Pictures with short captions
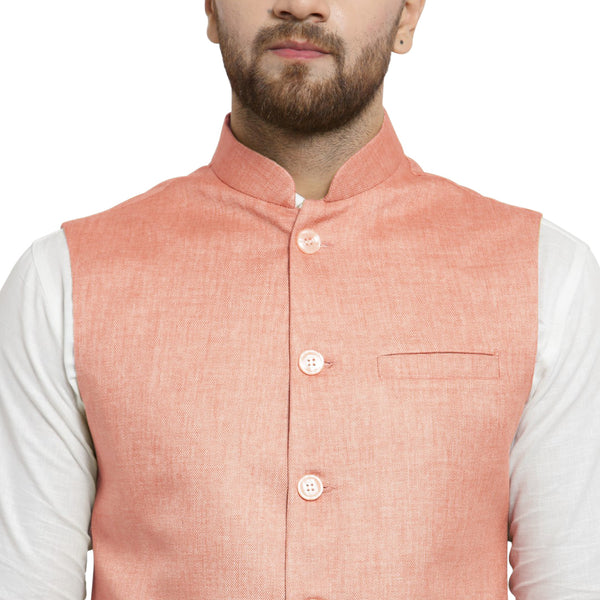 Treemoda Peach Nehru jacket For Men Stylish Latest Design Suitable for Ethnic Wear/Wedding Wear/ Formal Wear/Casual Wear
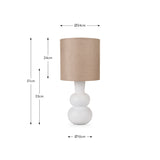 Aaliyah White Curved Bottle Ceramic Table Lamp - 51cm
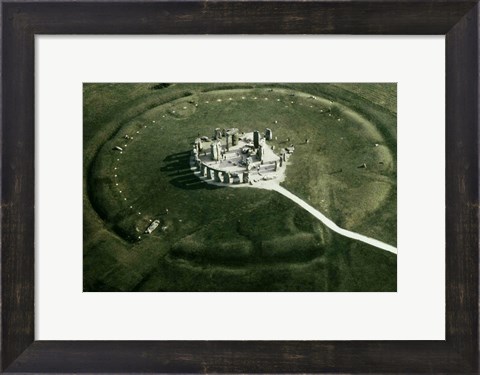 Framed Stonehenge from the air Print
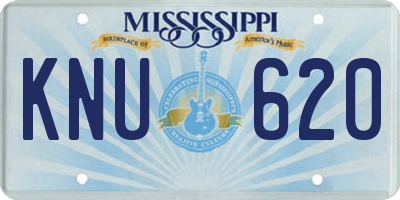 MS license plate KNU620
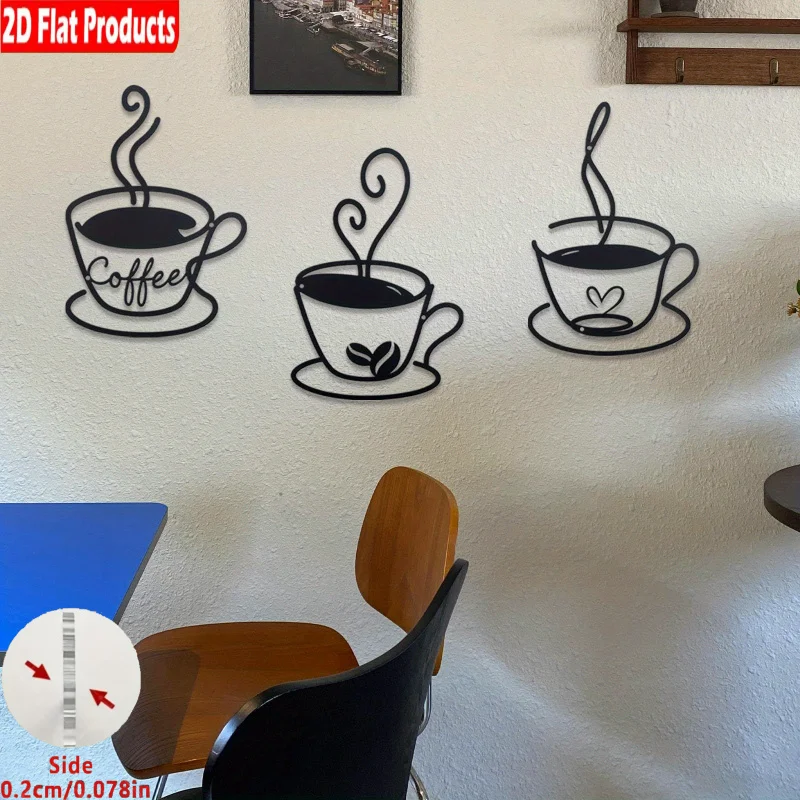 

3pcs Retro Coffee Wall Art, Black Acrylic Metal Sign with Floral & Letter Print for Cafe Bar Home Decor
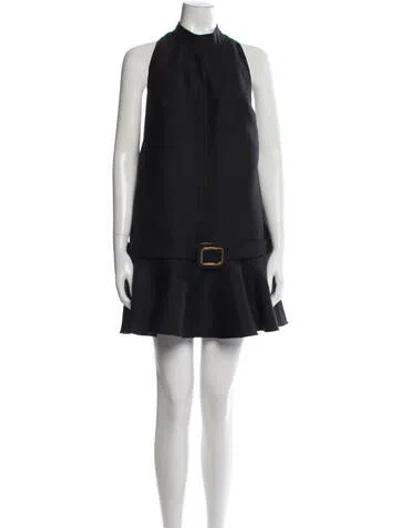 Pre-owned Tom Ford Wool Mini Dress In Black
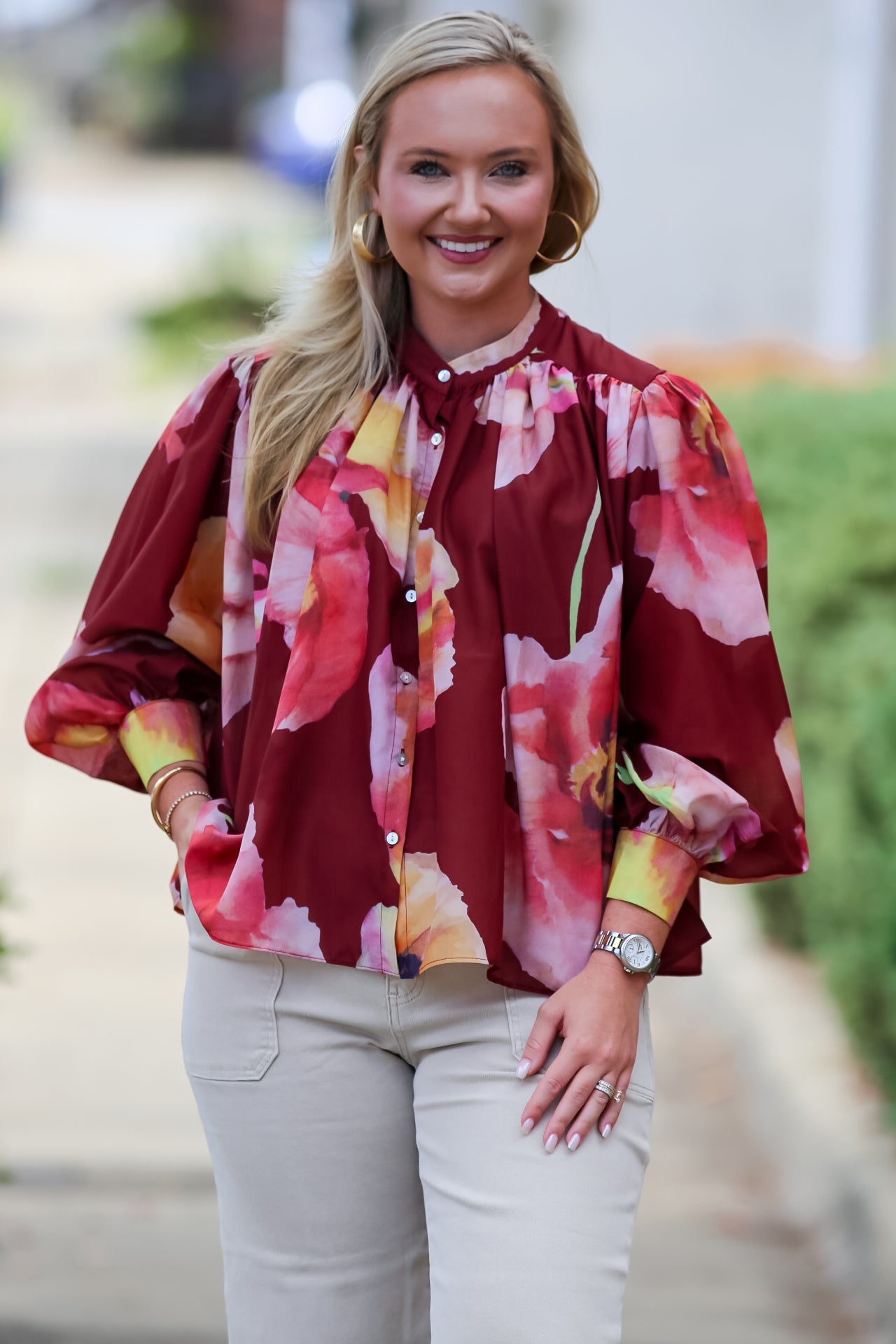 Voluminous Floral Print Blouse in Burgundy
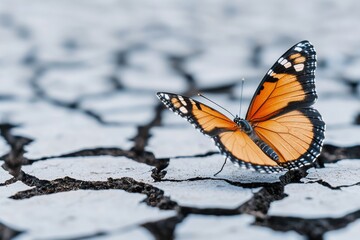 Obraz premium Butterfly perched on cracked soil: symbol of hope in climate change adaptation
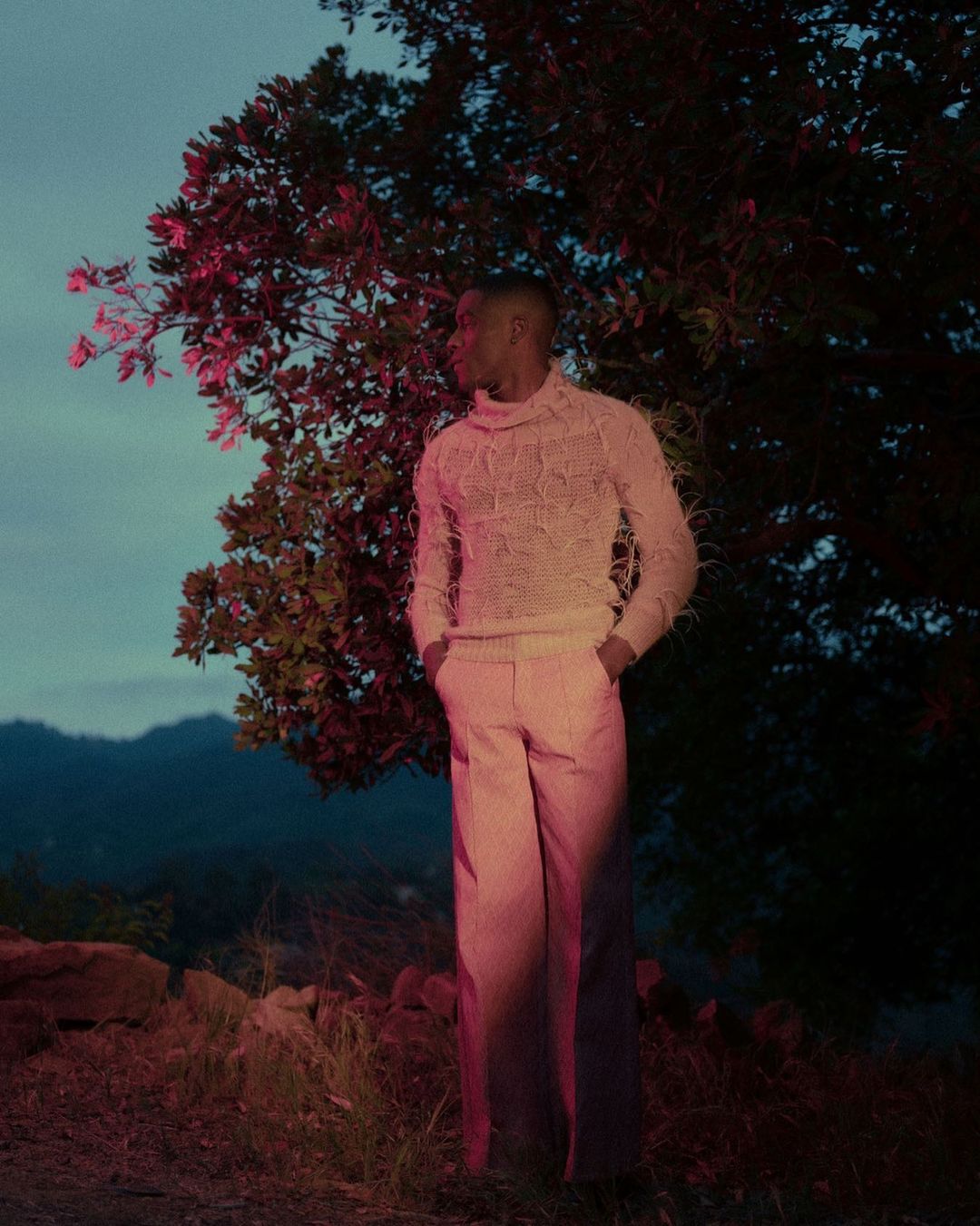 A single adult male stands outdoors near a tree with a mountain backdrop, wearing an intricately textured sweater and wide-leg pants.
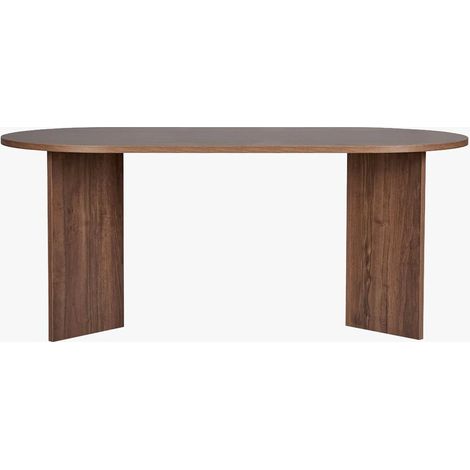 Mobilier Deco – Table à manger ovale 180 cm en panneau mélaminé bois foncé – Design moderne et convivial – Idéale pour repas en famille et entre amis
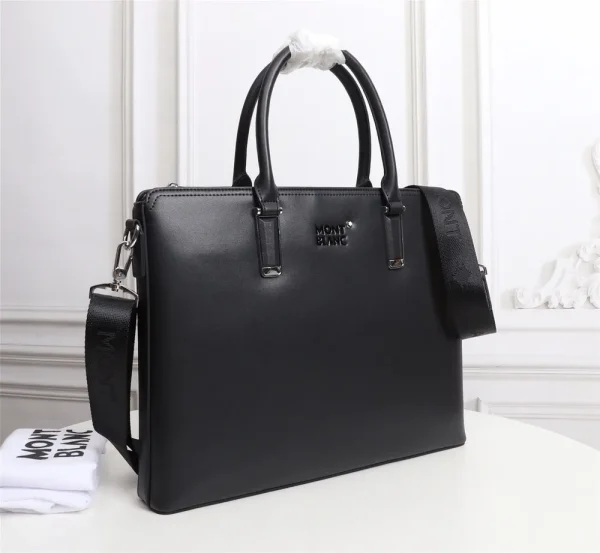 Montblanc Medium Black Leather Briefcase 2026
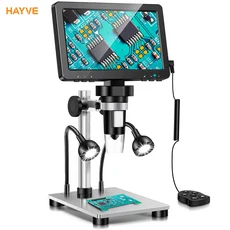 Hayve 7 ''디지털 현미경 1200X 줌 12MP HD 전자 현미경 납땜 전화 수리 현미경 용 카메라 돋보기, 01 1200배, 01 DM9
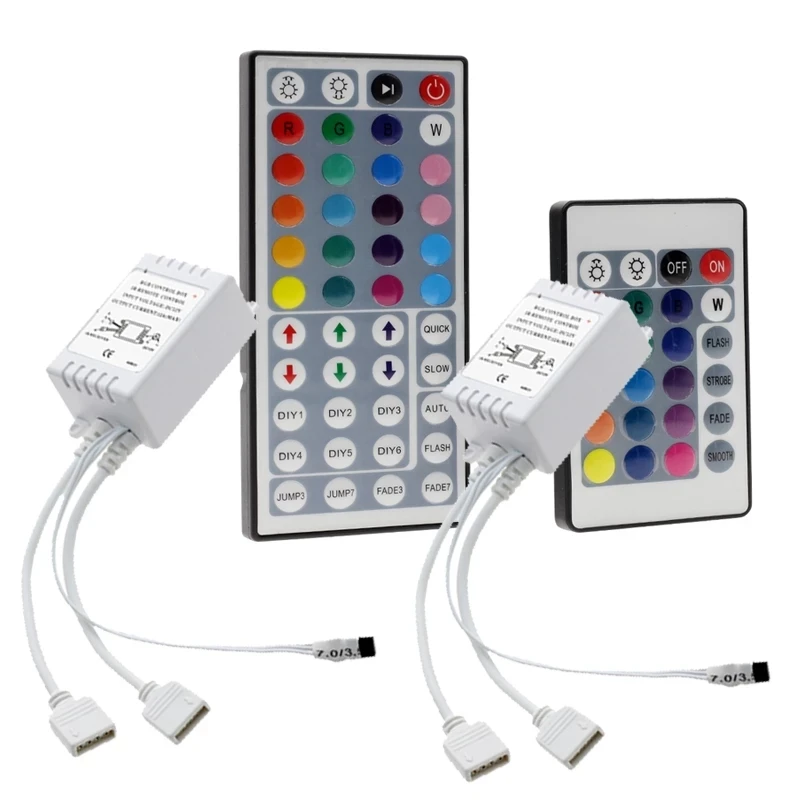 

Led Controller 44 Keys LED IR RGB Controler box 1 to 2 Controller IR Remote Dimmer DC12V For RGB 3528 5050 LED Strip Lights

**Task goal**
Through the line containing "Voluminous Floral Print Blouse in Burgundy" and no further, restate the data above word for word from its first line, leaving out pictures.

**Output of the exercise**
 Treemoda Peach Nehru jacket For Men Stylish Latest Design Suitable for Ethnic Wear/Wedding Wear/ Formal Wear/Casual Wear
 Aaliyah White Curved Bottle Ceramic Table Lamp - 51cm
 Framed Stonehenge from the air Print
 MS license plate KNU620

3pcs Retro Coffee Wall Art, Black Acrylic Metal Sign with Floral & Letter Print for Cafe Bar Home Decor
 Pre-owned Tom Ford Wool Mini Dress In Black
 Voluminous Floral Print Blouse in Burgundy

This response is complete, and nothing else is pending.